# Style Critiquie?



## raaky-draws (Jul 11, 2017)

Hi everyone! My art hasn't gained many comments just posting to the main FA site, and I'm hoping all you artists and art connoisseurs here can give me some style advice.

I've been drawing for a while now, and I used to do painterly-style pictures a couple years ago (under a username far far away). I took a break from drawing and recently started again. This time I'm going for a more cartoony, cel-shaded style. I want bold lines and bright colors, but I don't want my pictures to be too garish.

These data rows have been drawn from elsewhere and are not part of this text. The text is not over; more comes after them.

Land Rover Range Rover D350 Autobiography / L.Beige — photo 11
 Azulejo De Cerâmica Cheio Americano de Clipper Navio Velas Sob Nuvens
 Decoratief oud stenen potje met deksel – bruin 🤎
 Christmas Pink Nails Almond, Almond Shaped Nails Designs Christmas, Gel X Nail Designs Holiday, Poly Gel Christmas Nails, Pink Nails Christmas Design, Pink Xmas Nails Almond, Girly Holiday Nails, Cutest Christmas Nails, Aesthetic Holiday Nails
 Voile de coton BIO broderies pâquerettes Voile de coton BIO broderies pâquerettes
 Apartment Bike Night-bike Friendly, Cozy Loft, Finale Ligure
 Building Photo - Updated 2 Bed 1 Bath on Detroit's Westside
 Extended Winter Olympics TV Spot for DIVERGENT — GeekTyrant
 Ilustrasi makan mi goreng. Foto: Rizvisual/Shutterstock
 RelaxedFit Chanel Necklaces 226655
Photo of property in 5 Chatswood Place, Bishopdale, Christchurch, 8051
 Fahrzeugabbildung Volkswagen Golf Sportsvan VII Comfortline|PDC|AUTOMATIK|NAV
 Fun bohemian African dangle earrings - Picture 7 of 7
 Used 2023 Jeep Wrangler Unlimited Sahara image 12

I've shown some of these to my IRL friends and they said they liked them, but of course, they might just be saying that. And as the artist, I obviously like my own stuff a lot. So I need you guys to give me your knee-jerk reactions, and any advice you can think of.

I drew all these within the last month. So without further ado, I'll post them in chronological order.

I just realized my images are huge, so if you'd rather view them on my profile page, you can do so here: Artwork Gallery for republicofdragons -- Fur Affinity [dot] net


Judy Hopps:








Summer, a zebra OC of mine:







July 4, with another OC:







Summer and another of my OCs getting up to some hijinks:






Thoughts?


----------



## MsRavage (Jul 11, 2017)

oh your art is different!! and don't be so focused on getting likes...if you want likes draw fan art of stuff...that will get you likes...i barely get any likes...doesn't mean my art is crap or anything...maybe people prefer a specific thing? that being said we, as artists, are always improving. My advice for your would be to continue improving!! continue working on anatomy and blending and trying stuff you may not be comfortable with!! if you are on FA add me its my same name and i'll add you too!!


----------



## raaky-draws (Jul 11, 2017)

MsRavage said:


> oh your art is different!! and don't be so focused on getting likes...if you want likes draw fan art of stuff...that will get you likes...i barely get any likes...doesn't mean my art is crap or anything...maybe people prefer a specific thing? that being said we, as artists, are always improving. My advice for your would be to continue improving!! continue working on anatomy and blending and trying stuff you may not be comfortable with!! if you are on FA add me its my same name and i'll add you too!!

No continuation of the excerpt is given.